*** Block opens ***

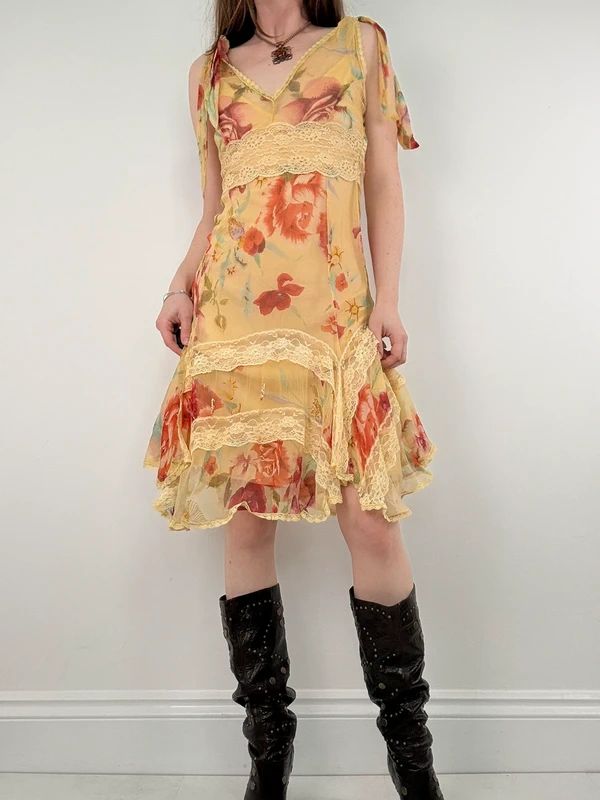 Butter yellow summer dress layered floral watercolour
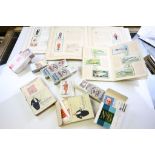 Small collection of vintage Cigarette cards in packets, loose & albums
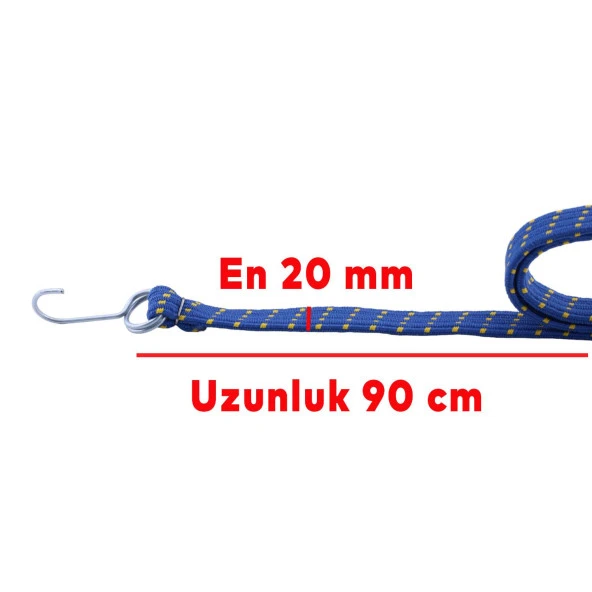 Oto Araç Araba Bagaj Lastiği Geniş Kancalı Bisiklet Sabitleme Yük Taşıma Lastik 20 mm x 90 cm - 2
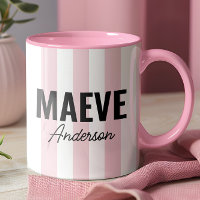 Pink and white stripe personalised modern elegant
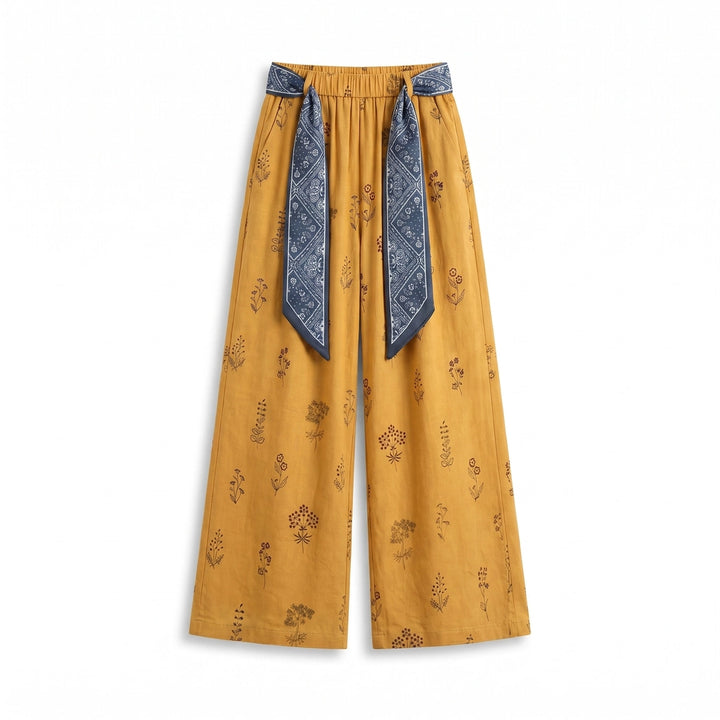 Amara Wide-Leg Trousers - Color:Yellow;Size:XS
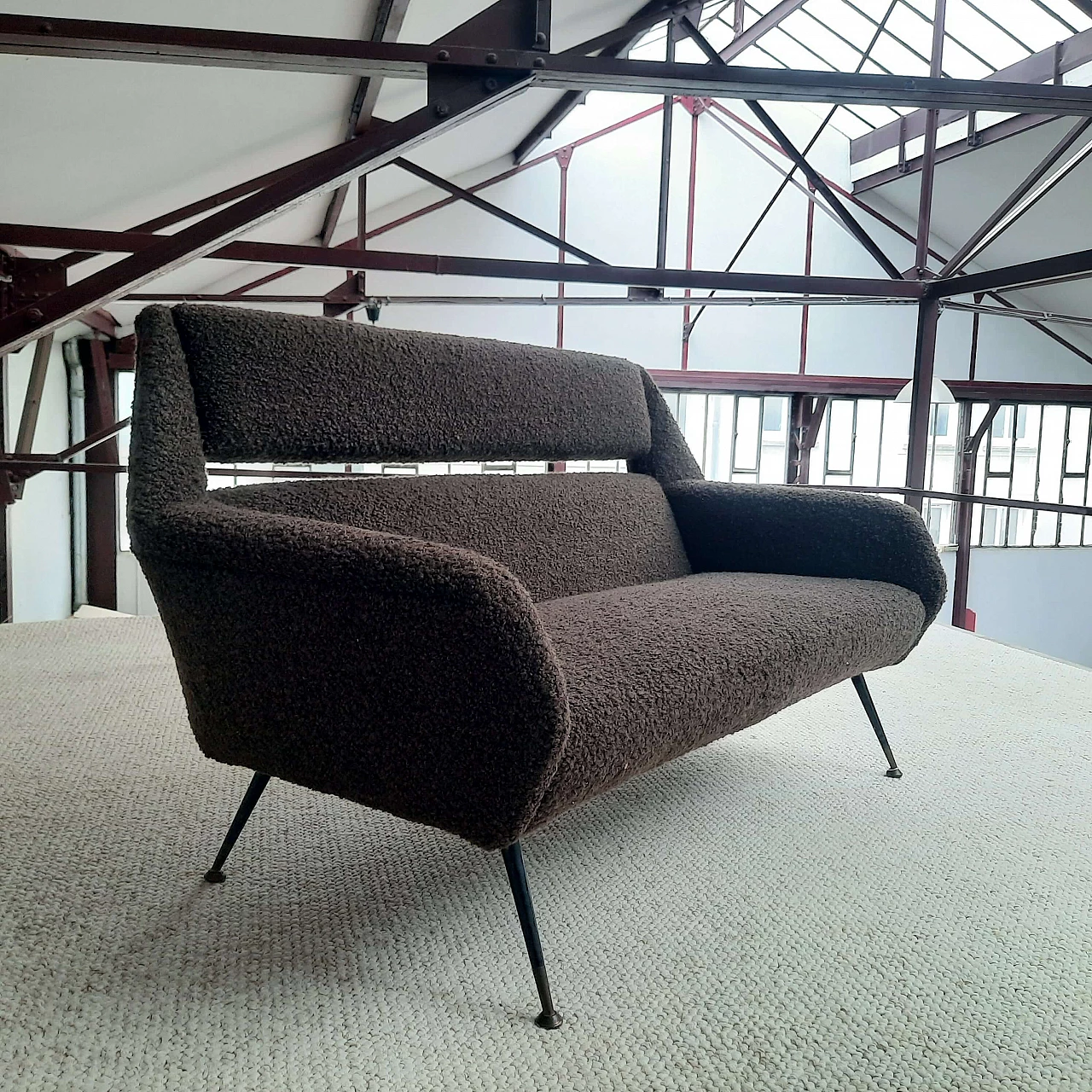 Brown bouclé fabric sofa in the style of Marco Zanuso, 1950s 2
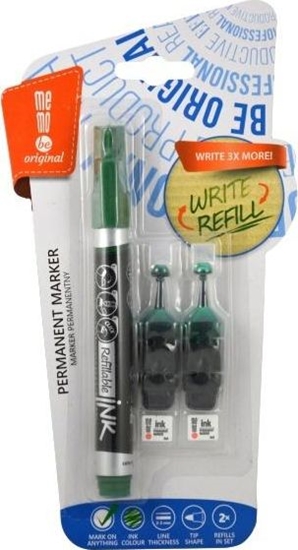 Picture of MemoBe Marker permanentny + 2 ampuki zielony MemoBe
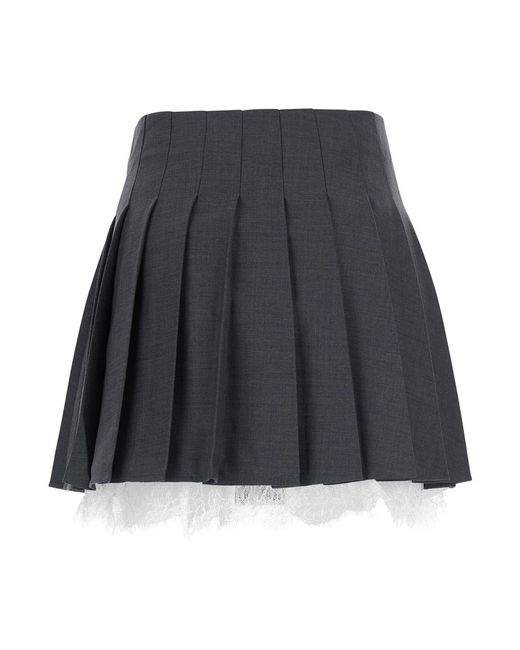 Self-Portrait Gray Skirt With Lace Trim
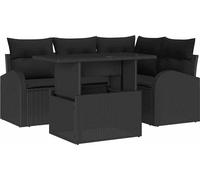vidaXL Ensemble de canapé de jardin 5 pièces en poly rotin avec coussins – noir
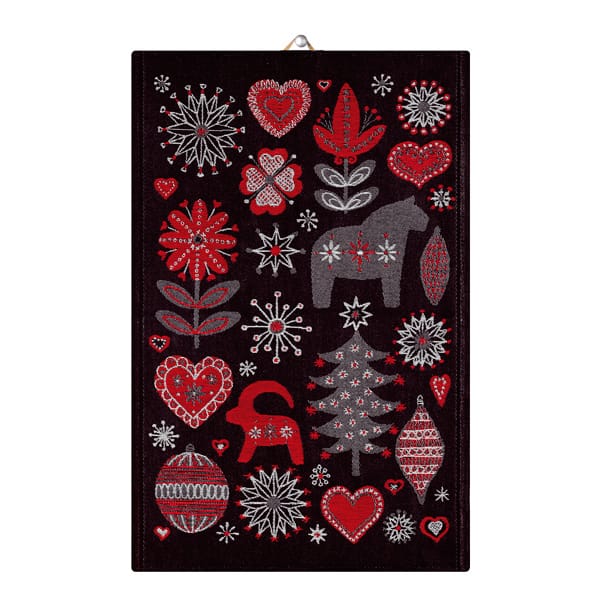 Julnatt kjøkkenhåndkle - sort, 48x70 cm - Ekelund Linneväveri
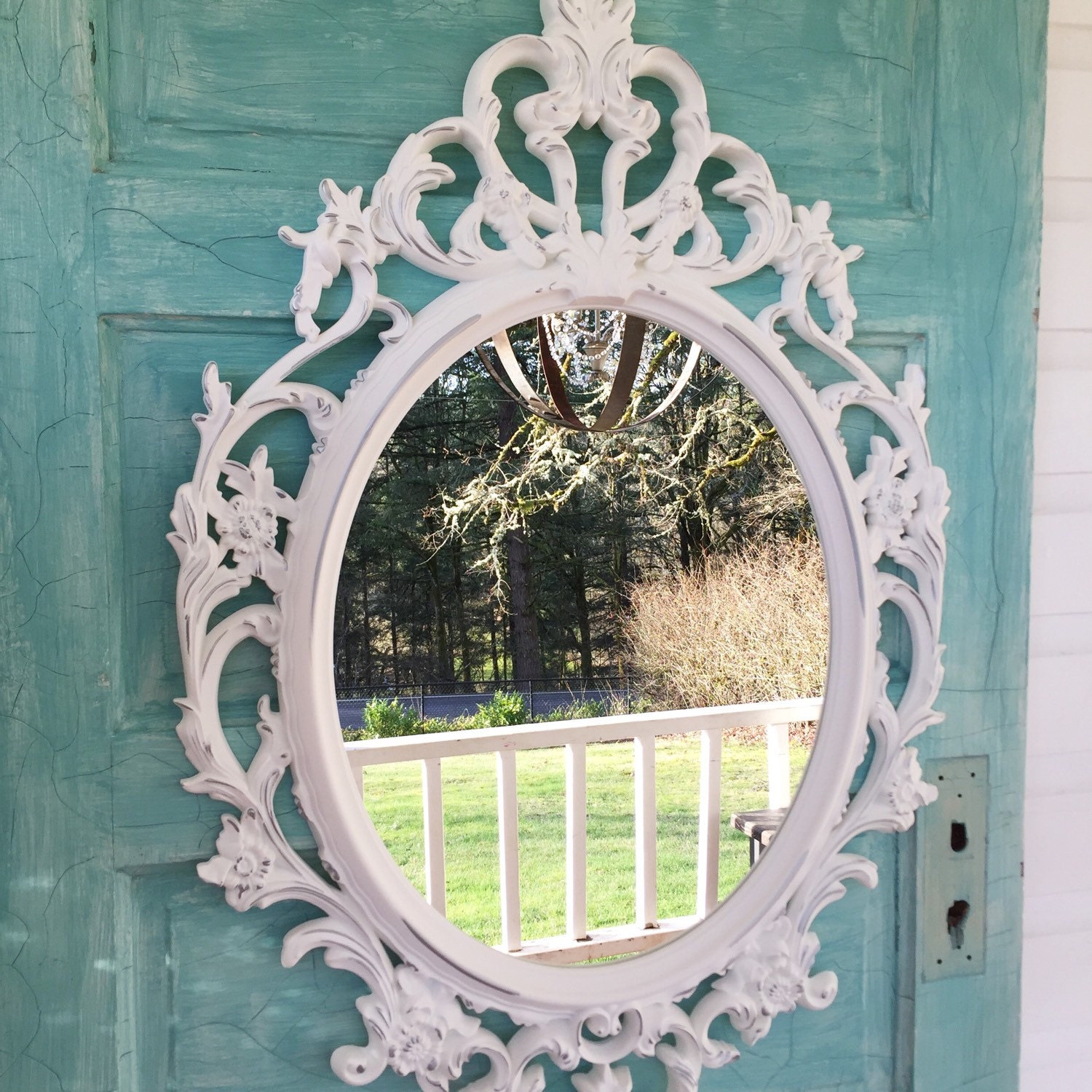 White Ornate Oval Bathroom Mirror Shabby Chic Nursery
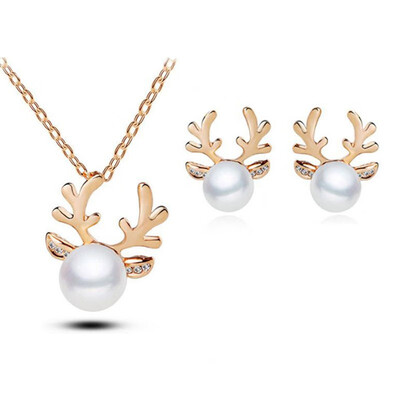 

Fashion New Exquisite Antlers Crystal Simulated Pearl Necklace Or Earrings Fashion Jewelry for Women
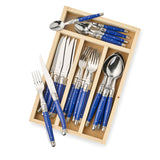 Blue Laguiole 24-Piece Flatware
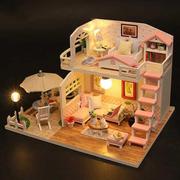 婴儿玩具有声会动diy小屋梦想小阁手工，制作玩具拼装模型别墅房子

*** Block closes ***

Print the stretch of the data from the line with "vidaXL Ensemble de" through its last line, exactly and with both ends kept. Omit pictures.

vidaXL Ensemble de canapé de jardin 5 pièces en poly rotin avec coussins – noir
 Julnatt kjøkkenhåndkle - sort, 48x70 cm - Ekelund Linneväveri
 White Ornate Oval Bathroom Mirror Shabby Chic Nursery

Fashion New Exquisite Antlers Crystal Simulated Pearl Necklace Or Earrings Fashion Jewelry for Women
 Blue Laguiole 24-Piece Flatware
 婴儿玩具有声会动diy小屋梦想小阁手工，制作玩具拼装模型别墅房子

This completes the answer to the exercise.